Reaching into her pack, she fishes around for a moment, before producing a deck of cards - harrow cards - she begins to shuffle in hand. "How absolutely delightful," she says with a bit of a sing-songy tone.
Gabriel had sharp eyes and a sharp mind. He would never claim to be the smartest anywhere, ascribing to the belief that there was always someone (likely several someones) better then you, but his mind was quick enough to catch the expression that his question caused to flash over Gideon's features. The implications were maddening. Could Gideon be searching for another Starstone? Could he be searching for the place the Starstone originated? Why? Was he after godhood? Or was this purely a scholastic journey? Gabriels head began to spin at the possible outcomes and implications and he instinctively reached out to the nearest persons shoulder to support himself before he fell in his thought induced dizziness. One hand reflexively went to the shape of the tome in his pack, the one Rune gave him. It was an act of seeking comfort, a way to ground himself.
After taking a few moments to breathe, Gabriel released the persons, whoever it was, shoulder with a quiet apology and moved himself forward through the crowd. He didn't want to ask the questions that had come to mind. Not in this crowd. He would try and speak to the man later. Besides, there were questions he could ask now, and despite the potential dangers of such an adventure Gabriel's mind was already wondering what they might find during this journey. The point of the object being a map meant something. "Do you know if the object fell in that form or was that the workings of those who have come across it since it came to this world? Is it a complete map or are we looking for other pieces of it there?"
Hearing Kas' question, Gideon doesn't seem immediately ready to answer it. Instead he considers his response to Gabriel's question carefully. "The relic I have is in its original form, it has not been worked. I believe it is intact, but am not entirely sure of its purpose. All identification shows that it is a map, but it is not one that has been able to be decyphered. I'm... counting on the ruins at the impact site to shed some more light on it."

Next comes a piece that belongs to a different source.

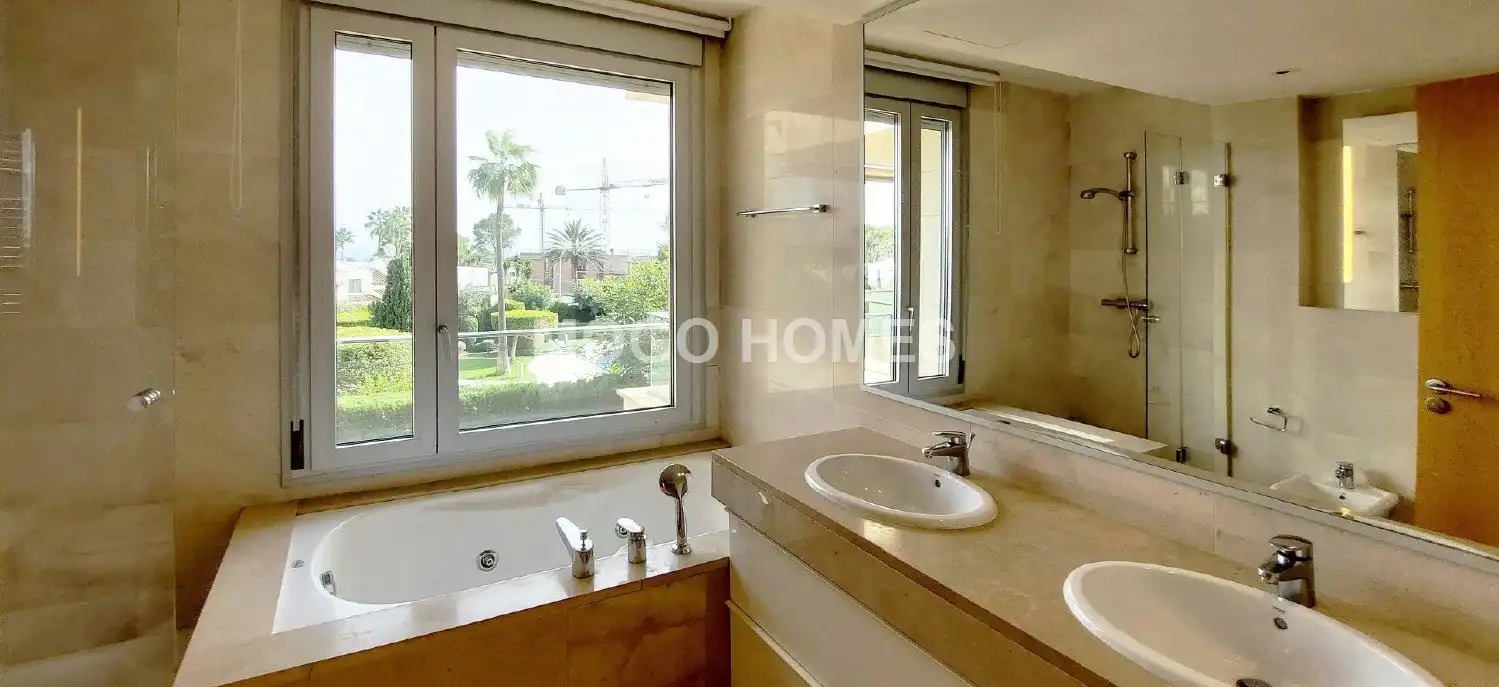 Baño de Piso en venta en Calvià con Aire acondicionado, Calefacción y Terraza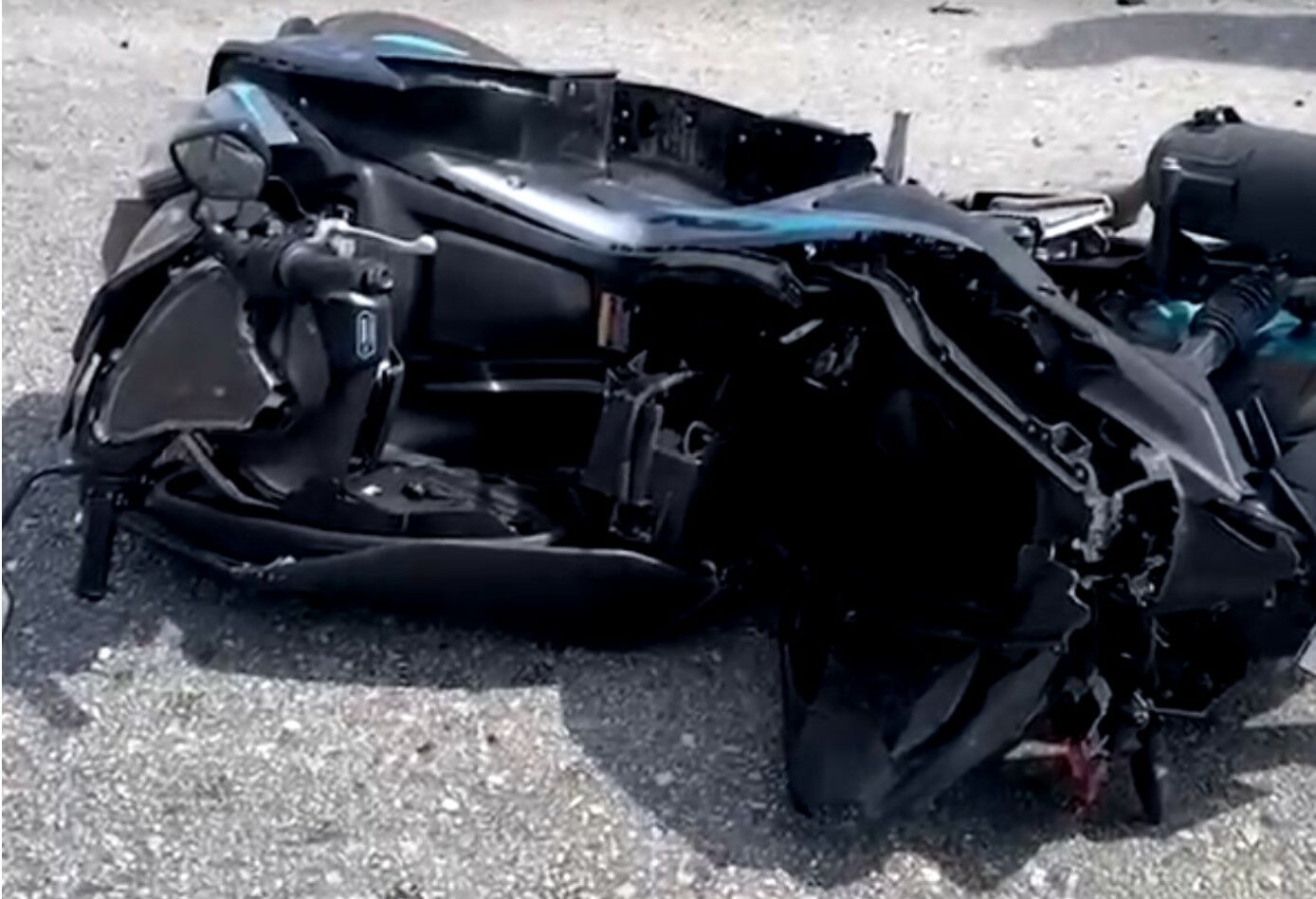 Мотоциклист погиб в Паттайе в результате столкновения микроавтобуса и пикапа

Pacing some, Gideon mulls over Kas's question a little more, finally coming to a desired response. "That all depends on what we find. Does the map lead somewhere else? Are there more important relics at the site? There's too many variables... We coulds find nothing, at which point you will be compensated for yoru time and sent on your way."
All things considered, though, there's one more point that Gideon had yet to raise.
"There is... a complication to all of this I have not yet divulged." Clearing his throat, Gideon curls fingers around his red ascot and loosens it. "The vanguard I sent into the mountains should have arrived at their destination four days ago. I provided them with a scroll that would allow them to contact me." Gideon's brows furrow. "They have not reported back in." Shifting his weight to his good leg, Gideon swings his cane around once and then taps it on the grass. "It's possible they've hit a snag. However, they made it this far," he notes while motioning to a painted mark on the rock. "This was their first waypoint. Beyond this, I have no reassurance that the vanguard will be clearing the way for us. We will be following the same route as them, so if they've become mired -- or gotten lost -- I trust that we and our guides will be able to discern this and work together to lighten their burden."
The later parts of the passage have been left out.